| What you should do |
Use the entries below and reproduce exactly the lines from the one containing "Storybook carnival wagon" down to the one containing "MAP4890 - ALLERGIC", both of them included.

| Material for this task |
┌────────

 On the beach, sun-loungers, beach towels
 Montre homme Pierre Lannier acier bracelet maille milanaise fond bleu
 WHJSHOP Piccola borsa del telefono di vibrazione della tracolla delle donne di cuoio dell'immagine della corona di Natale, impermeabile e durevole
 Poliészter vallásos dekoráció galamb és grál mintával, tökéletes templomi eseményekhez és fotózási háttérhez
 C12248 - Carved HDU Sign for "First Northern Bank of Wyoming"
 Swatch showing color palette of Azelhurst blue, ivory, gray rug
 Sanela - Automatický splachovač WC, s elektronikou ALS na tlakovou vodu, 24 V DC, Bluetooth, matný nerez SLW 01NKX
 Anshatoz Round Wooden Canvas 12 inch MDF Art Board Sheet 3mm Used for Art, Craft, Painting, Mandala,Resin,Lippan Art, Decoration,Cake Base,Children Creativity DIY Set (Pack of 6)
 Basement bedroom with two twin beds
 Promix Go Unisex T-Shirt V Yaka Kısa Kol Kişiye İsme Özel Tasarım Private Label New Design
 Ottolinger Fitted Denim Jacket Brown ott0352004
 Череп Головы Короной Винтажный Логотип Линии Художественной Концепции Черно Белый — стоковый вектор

└────────
┌────────

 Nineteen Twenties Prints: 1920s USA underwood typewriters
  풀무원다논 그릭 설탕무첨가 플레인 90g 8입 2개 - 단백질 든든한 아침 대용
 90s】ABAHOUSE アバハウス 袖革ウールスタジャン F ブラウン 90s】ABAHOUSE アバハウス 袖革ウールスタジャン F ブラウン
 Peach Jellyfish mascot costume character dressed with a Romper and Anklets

└────────
┌────────

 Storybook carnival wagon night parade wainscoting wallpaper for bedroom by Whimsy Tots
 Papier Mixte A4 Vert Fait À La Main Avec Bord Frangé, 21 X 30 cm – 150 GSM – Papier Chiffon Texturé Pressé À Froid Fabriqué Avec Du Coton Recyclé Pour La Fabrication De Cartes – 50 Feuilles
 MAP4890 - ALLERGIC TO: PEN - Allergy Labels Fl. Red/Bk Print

└────────

| Task result |
 Storybook carnival wagon night parade wainscoting wallpaper for bedroom by Whimsy Tots
 Papier Mixte A4 Vert Fait À La Main Avec Bord Frangé, 21 X 30 cm – 150 GSM – Papier Chiffon Texturé Pressé À Froid Fabriqué Avec Du Coton Recyclé Pour La Fabrication De Cartes – 50 Feuilles
 MAP4890 - ALLERGIC TO: PEN - Allergy Labels Fl. Red/Bk Print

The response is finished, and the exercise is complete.